There are a few effective concepts in action films which are used over and over again. "Surviving the Game" uses one which was over 60 years old when the movie was made and still works like a charm. Made in 1932, "The Most Dangerous Game" is a movie about a group of people who are hunted for sport. Over the years this concept has been successfully used in big films like John Woo's "Hard Target" (which premiered less than a year before this film) as well as in DTV-films like the Lorenzo Lamas-actioner "Final Round".
The formula works. Although these films rarely offer anything new (you pretty much know the ending before the film has even started), they are very entertaining if the hero is someone who you want to win and the villains are suitably evil. "Surviving the Game" fills this order and throws in some energetic action sequences directed by Ernest R. Dickerson (I also enjoyed his "Bulletproof" a lot).

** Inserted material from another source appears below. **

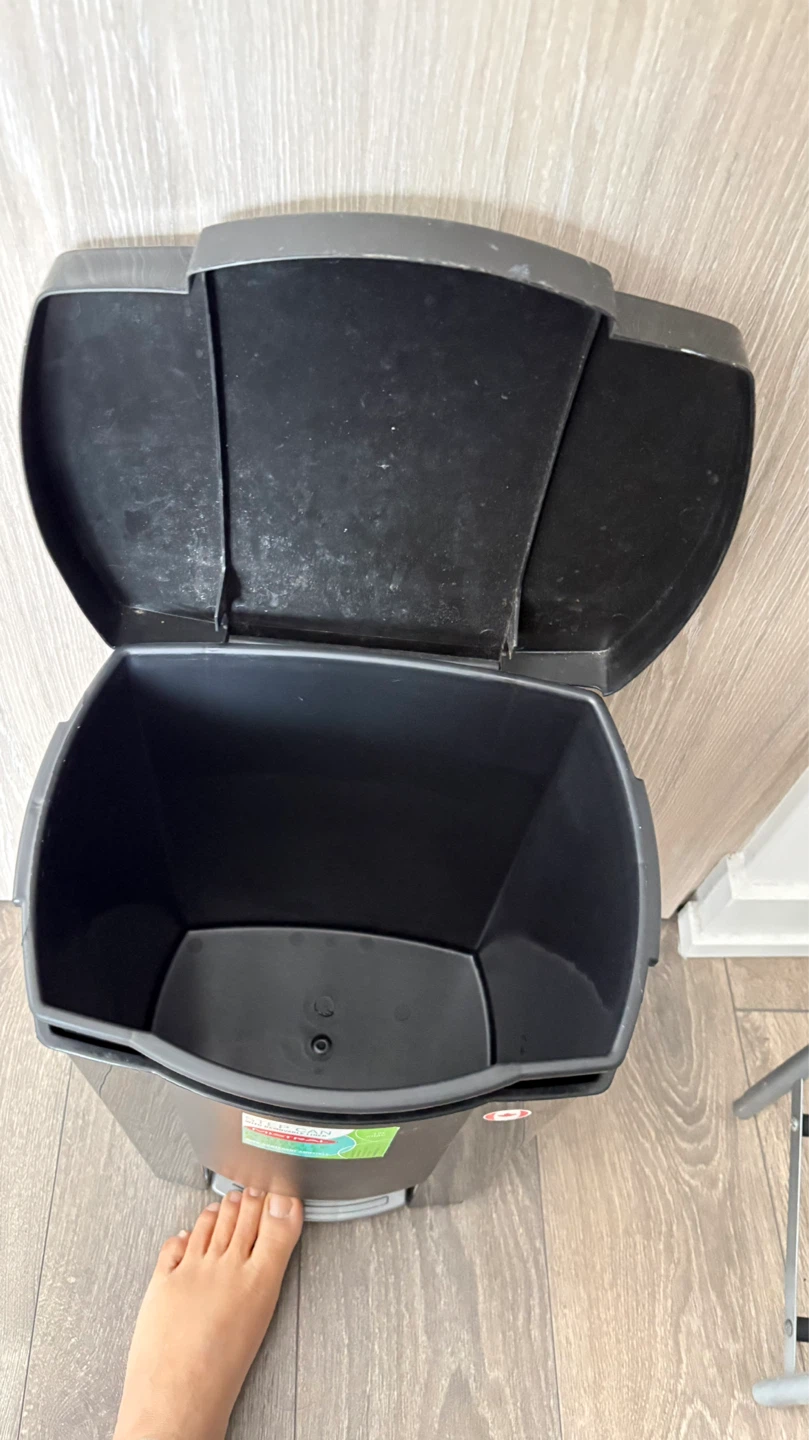 Mistral Step Can with Removable Liner - 19L Black Trash Can - photo 3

Ice-T is the hero here. When the film starts, he has no money, no family, no friends and is ready to kill himself. But when he receives a job as a hunting guide from a wealthy businessman (played by Rutger Hauer), he wants to put his life in order again. But after a good meal where Ice meets the rest of the hunters (including Gary Busey and Charles Dutton), the hunt begins and he suddenly realizes that he's the prey. Now, he must use all his strength and wit to survive.
The cast is perfect. While there are no huge stars, these people know the genre and obviously had a great time filming this movie. And there isn't any fault in the production values either. There are beautiful sceneries, a good score by Stewart Copeland and some neat stunts. The script by Eric Bernt (Virtuosity, Romeo Must Die) creates some quite interesting villains and the dialogue, while not perfect, works reasonably well. Luckily Bernt knows that he's writing an action film and doesn't even try to include any deep relationships or hidden meanings in his script.
At the end of the day, this is a good action film which is guaranteed to entertain a fan of this genre for 90 minutes. It's not the best action film ever but it's definitely above-average. This one gets an 8.